Boltzmann, surprisingly, agreed. Yes, he said, low entropy can arise from high, but low entropy is
the same as
low probability. We can imagine the state of our system moving through the space representing all its possible states as being like an immortal, active fly trapped in a closed room. Almost every point in the room is consistent with the maximum entropy allowed—just one or two spots in distant corners represent the system in lower entropy. In time, the fly will visit every place in the room as many times as you choose, but most points will look (in terms of their entropy) the same. The times between visits to any one, more interesting point will be enormous. Boltzmann calculated that the probability that the molecules in a gas in a sphere of radius 0.00001 centimeter will return to any given configuration is once in 3 × 10
57
years—some 200,000,000,000,000,000,000,000,000,000,000,000,000,000,000,000 times the age of the universe so far. As comparatively vast a system as a cup of coffee would be more than cold before it spontaneously separated.

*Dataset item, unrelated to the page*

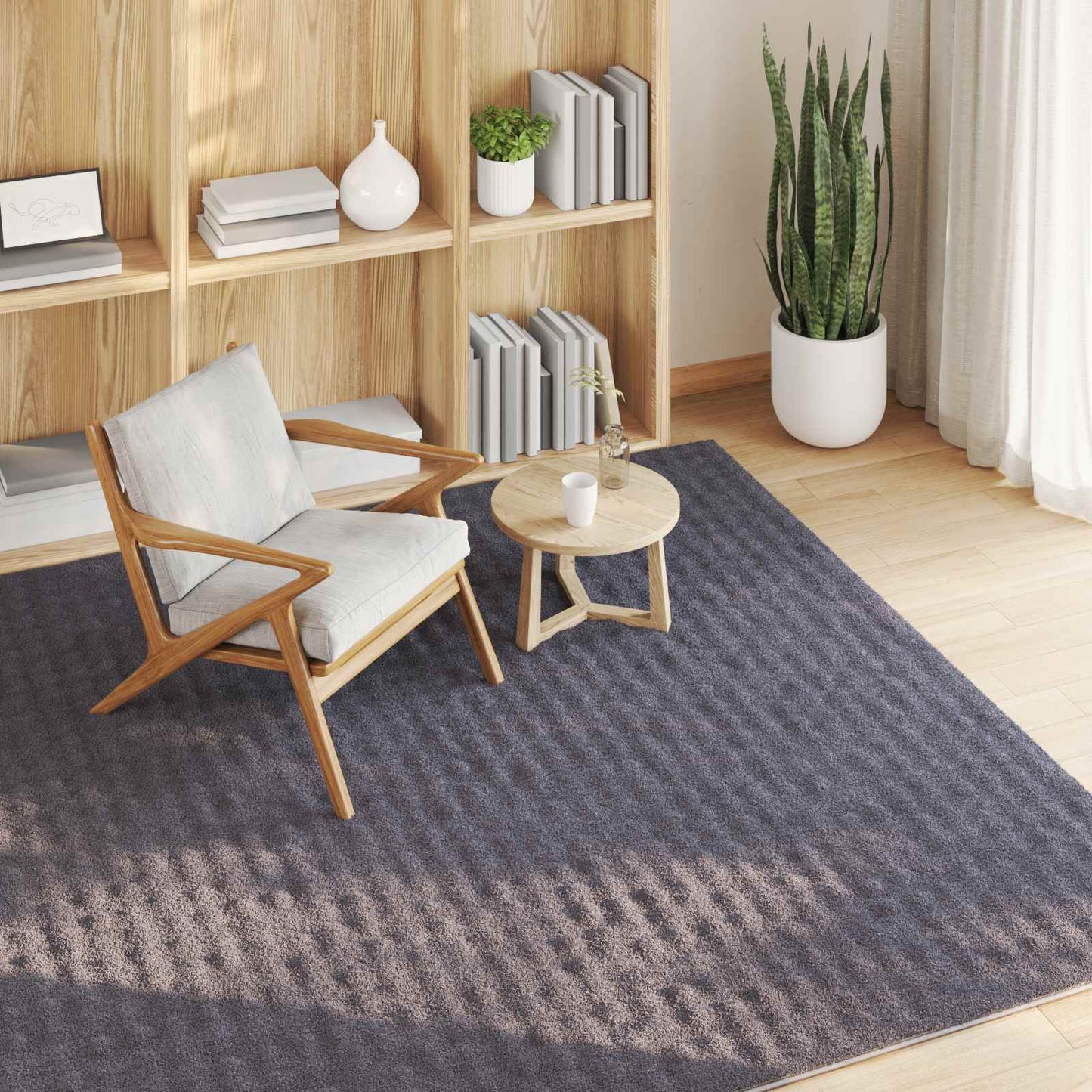 Bereichsteppiche HUARTE Anthrazit 120 x 120 cm Polyester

Time's arrow, then, is not an intrinsic fact of nature; it is something defined by the prevalence of the more probable over the less probable. It is part of what usually happens but need not. Nothing in physics requires that we live from past to future; it's just a statistical likelihood. Somewhere in the universe now, physics may indeed be behaving like the movies shown backward at the end of children's parties: water leaps back into buckets and cream pies peel from matrons' faces to land back on the baker's cart. But it's highly improbable. “Time and chance happeneth to them all,” says Ecclesiastes—because time
is
chance.
 
Boltzmann's discoveries created the modern field of statistical mechanics—the general theory of which thermodynamics is the special case. It studies, as the quiet, brilliant Yale bachelor Josiah Willard Gibbs put it, how “the whole number of systems will be distributed among the various conceivable configurations and velocities at any required time, when the distribution has been given for one time.”